February 19, 2013 // Uncategorized

The art of grieving

As I entered the cavernous gymnasium where I was to speak to a group of men and women, all of whom had lost a child to miscarriage, stillbirth or infant death, I saw the small group gathered together in the corner around a horseshoe-shaped table arrangement. Each of the participants of this daylong workshop for bereaved parents was bent over their workspace intently working on a project.

When I spoke with the coordinator of the workshop that was designed to provide hope for grieving parents, she explained that the group was engaged in creating an ornament to honor their baby and that the process of creating these memorials was a meaningful analogy to grief itself.

I watched each participant work with glue, torn bits of paper, photos and glitter, with the realization that the coordinator was absolutely right.
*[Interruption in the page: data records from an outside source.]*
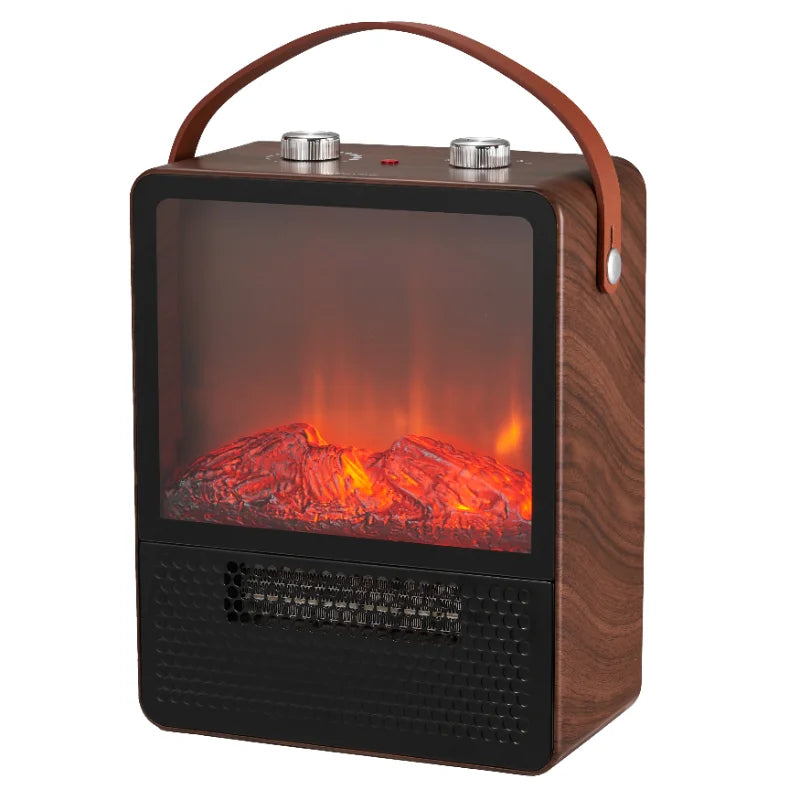 Freestanding Ceramic 1500W Portable Electric Fireplace, Dark Walnut ShopOnlyDeal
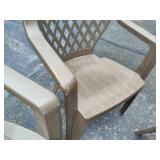 Two Plastic Chairs w/Ottomans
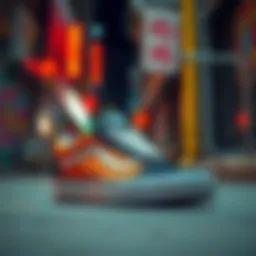 Vans Old Skool sneaker showcased against a vibrant urban backdrop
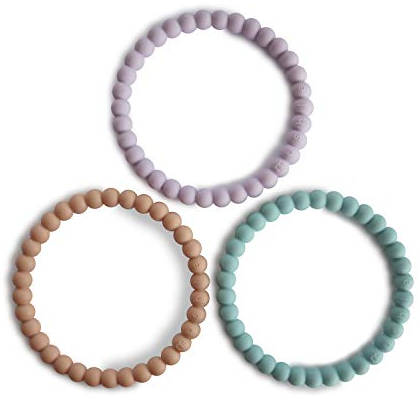 Mushie Perlen Beißringarmbänder | Zahnungshilfe für Kinder | 3er-Pack | Sichere & Hochwertige für Baby, Kleinkinder Kinder Jungs & Mädchen | BPA-Frei | Lilac/Cyan/Soft Peach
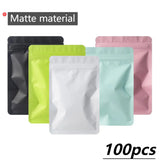 Mylar Bags Double-Sided Plastic Resealable Aluminum Foil Ziplock Food Waterproof Flat Bottom Bags 100pcs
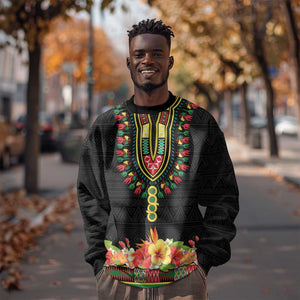Personalized Afro Hibiscus Tropical Sweatshirt Dashiki African Pattern - African Pride
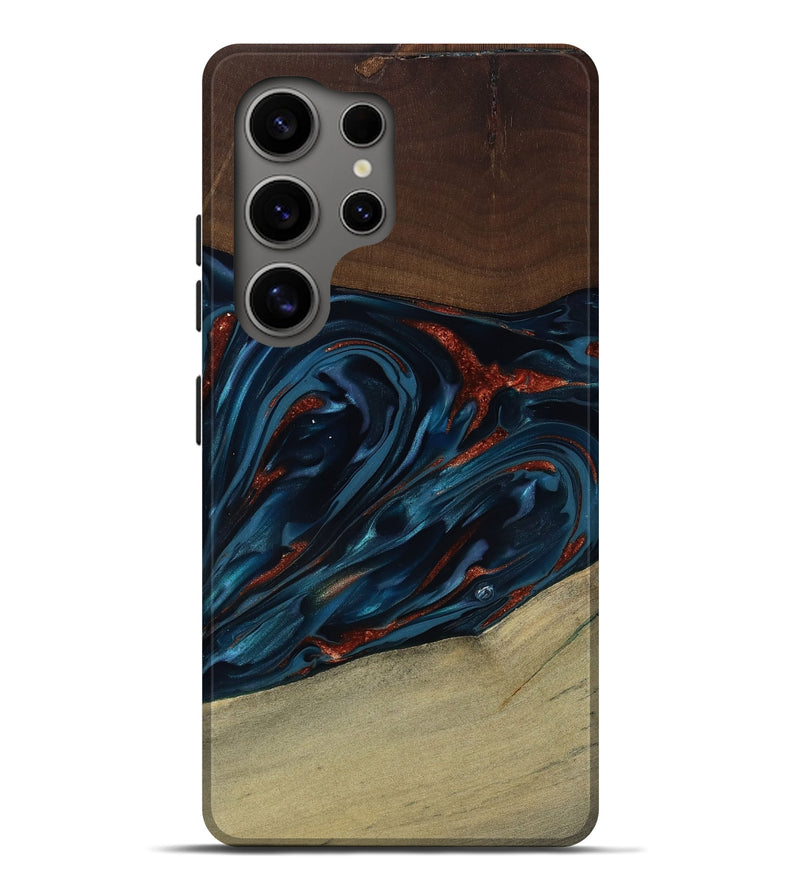 Galaxy S25 Ultra Wood Live Edge Phone Case - Abel (Teal & Gold, 817842)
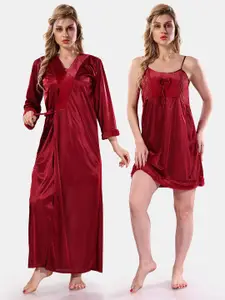 Be You Square Neck Lace Up Details Satin Nightdress With Robe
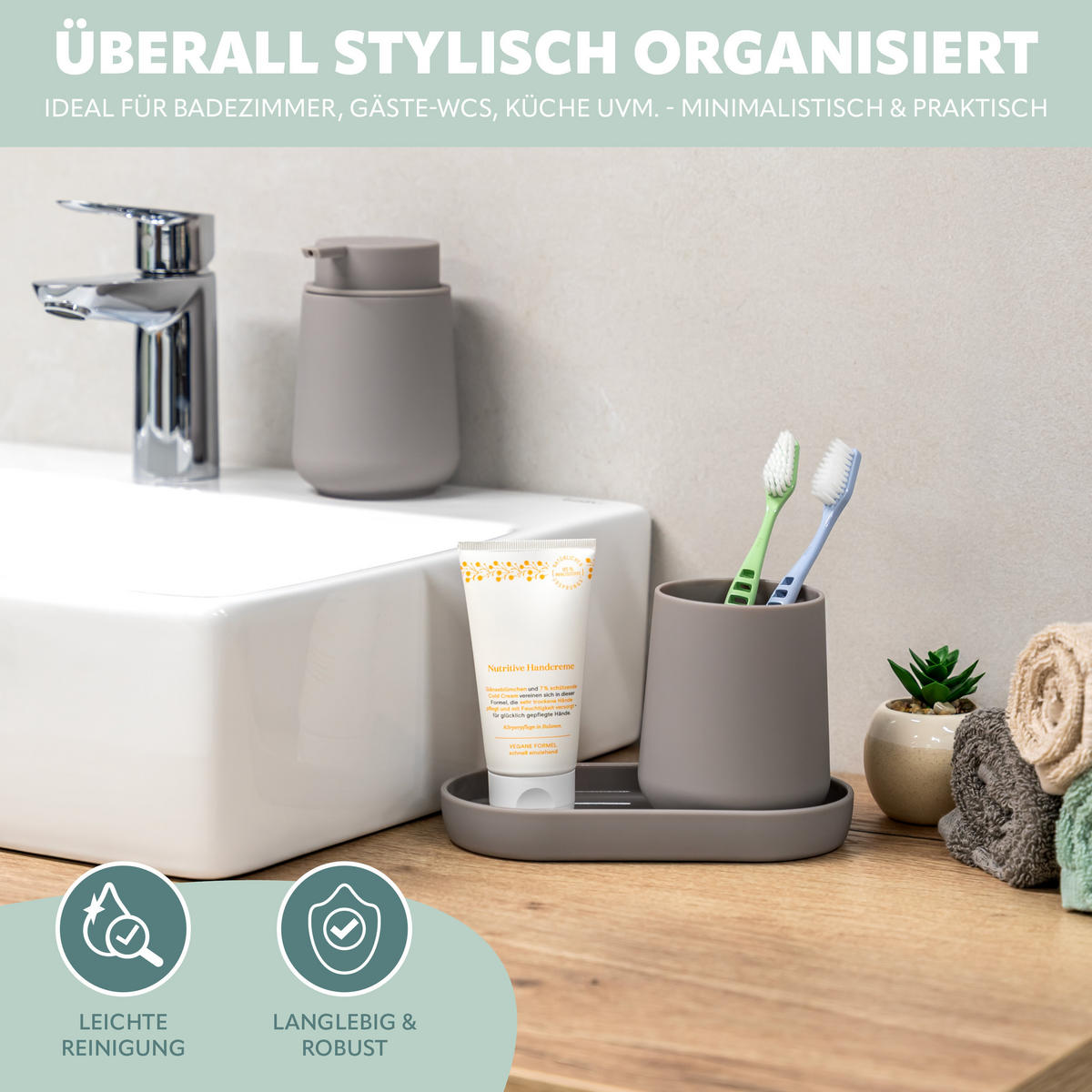 BAD-ACCESSOIRES-SET TESERO, Soft-Touch, taupe - Taupe, Kunststoff (18.5/13.5/10cm) - eluno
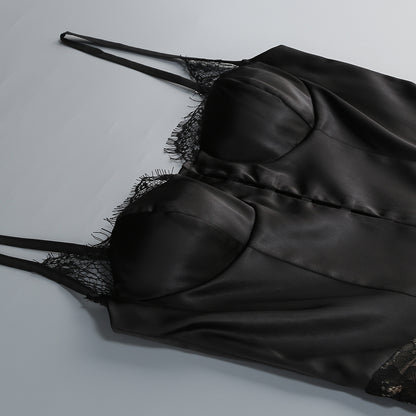 Freddie Black Lace Satin Maxi Corset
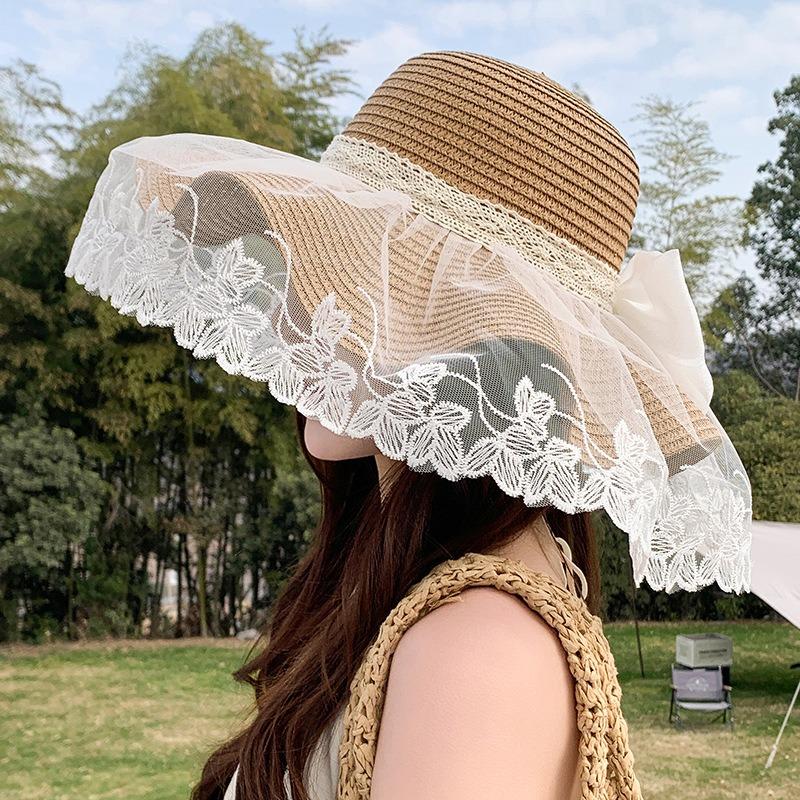 Summer Bow Sun Hat Female, Seaside Beach Vacation Sun Hat Outdoor Big Brim Sun Hat Sweet Straw Hat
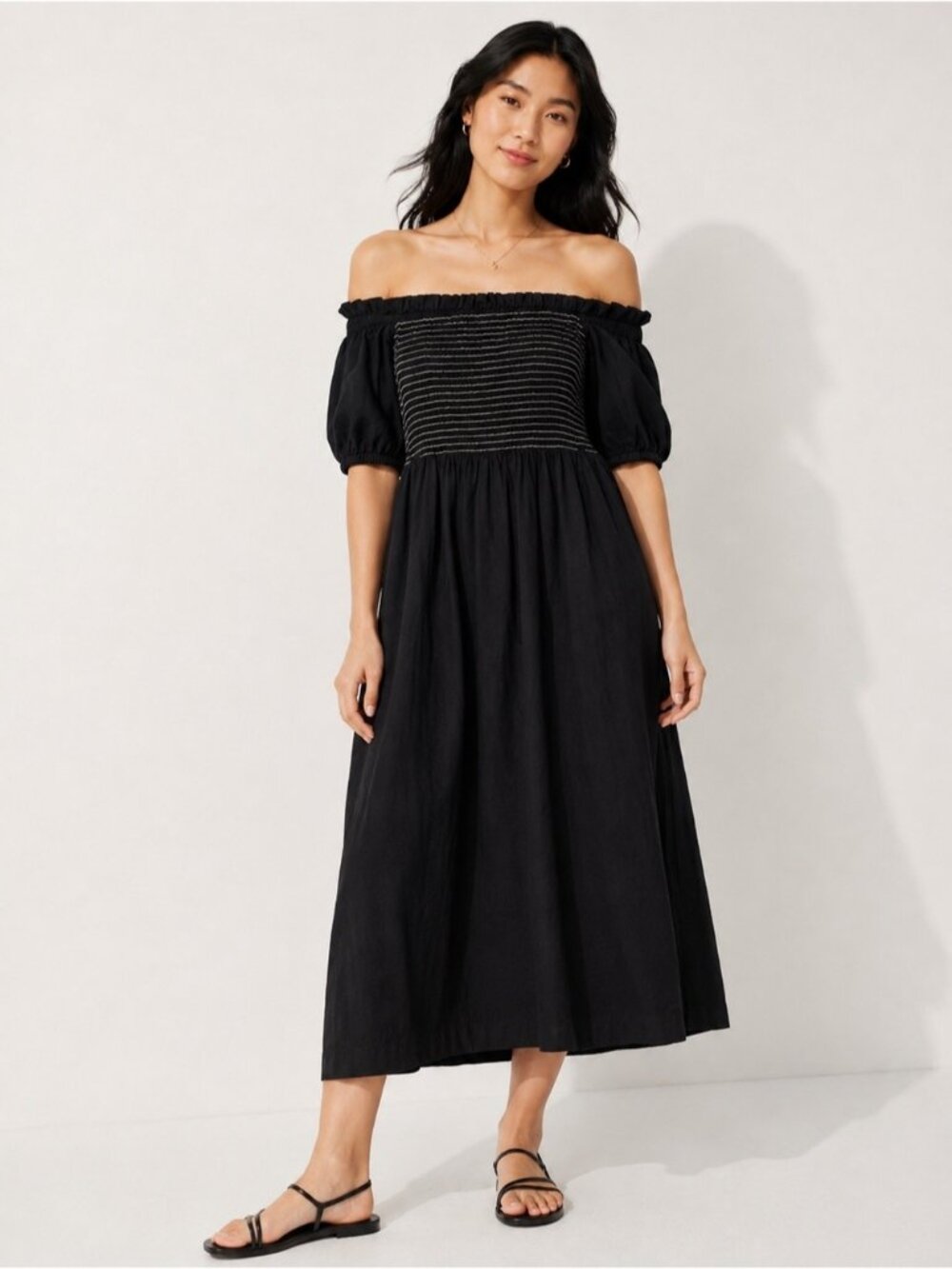Old Navy Black Off-the-Shoulder Smocked Midi Dress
What was visibly apparent during this activity was the chaos of the process of creation.

Each bereaved parent had to make some individual choices — choices that might represent the decisions with which they are faced, sometimes daily, on how to design and shape their own grief journey.

What shape Styrofoam ball would form their idea of memory for the ornament might parallel the ability to identify their own personal style of mourning — the basis for healing of hearts. Choosing the color of torn paper they would use and how would they apply it to the ball might reflect the need to discover healthy ways to express their grief. And how they would fashion the photos and glitter to create just the right look for their memorial ornament speaks to the simple acts that allow them, and hopefully gives permission to others, to mourn individually and collectively for that which they have lost.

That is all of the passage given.